For a lot of teenagers, he says, escape isn't necessarily what they're looking for.
"I think Twilight is, in a way, the opposite of gaming," Doty says. "In gaming, say in a first-person shooter, you take over an avatar; you're very in control of your environment, then you go forth and basically bend your environment to your will.
"Whereas in Twilight, it's almost the opposite."
Doty says that in a novel like Twilight the main character, Bella, is bent to the will of the universe around her. She's like a leaf in the breeze who just blows to the whim of the two boys in her life and the social forces around her. Doty believes younger audiences are much more forgiving of a passive protagonist because they understand what it means to live a life they have little control over, which is part of the reason why he thinks Twilight is so successful. And in the case of Twilight, Doty says few girls actually like Bella very much. Everyone likes the guys who are the active characters in the series. Within the Twilight community there's a big deal about whether someone is on "Team Edward" or "Team Jacob" because they are the ones who change the life of the passive protagonist.
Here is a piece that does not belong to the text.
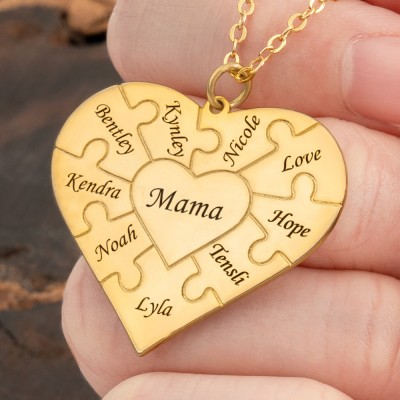 Personalisierte Herz-Puzzle-Halskette mit 1–12 Namen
"You can see how Twilight is a book that is almost built to be everything that gamers are against," Doty says. "They're so used to taking over a world, doing everything themselves, and to be put in a position of a powerless teenage girl ... it has got to be extremely frustrating for any gamer."
Surviving High School is designed to be somewhere between the two. The game presents characters that players can relate to, but it doesn't merely mirror the player's world — it shows life from the perspective of the nerdy kid, the cheerleaders and the jocks, the misfits and all those in between. There's a passiveness to the game inasmuch that the overall story is predetermined, but it is still the player's choices that drive the story itself. It's an interactive soap opera, a game that invites its players to experience an alternate high school.

Max Doty has worked on Surviving High School for more than six years. During this time he's written screenplays and developed other EA mobile games, but Surviving High School has remained a constant in his life. This September Little Brown published his first Surviving High School novel, a book that expands on the storyline of the game. Doty is writing a second Surviving High School book which will release in May 2013. While all these years writing about high school haven't made Doty behave like he's still a teenager, he believes that the experience has left a significant impact.
"I do think writing for Surviving High School is a pretty profound exercise in empathy," he says. "We write from so many different perspectives, for everyone in the high school, even those are who perceived as villains.
"I think it's made me a more empathetic person just to inhabit so many perspectives and to think of the world from so many different points of view."
Surviving High School is currently available on iOS and Android devices. It is free-to-play with additional episodes available for purchase. New episodes release every Thursday Pacific Time.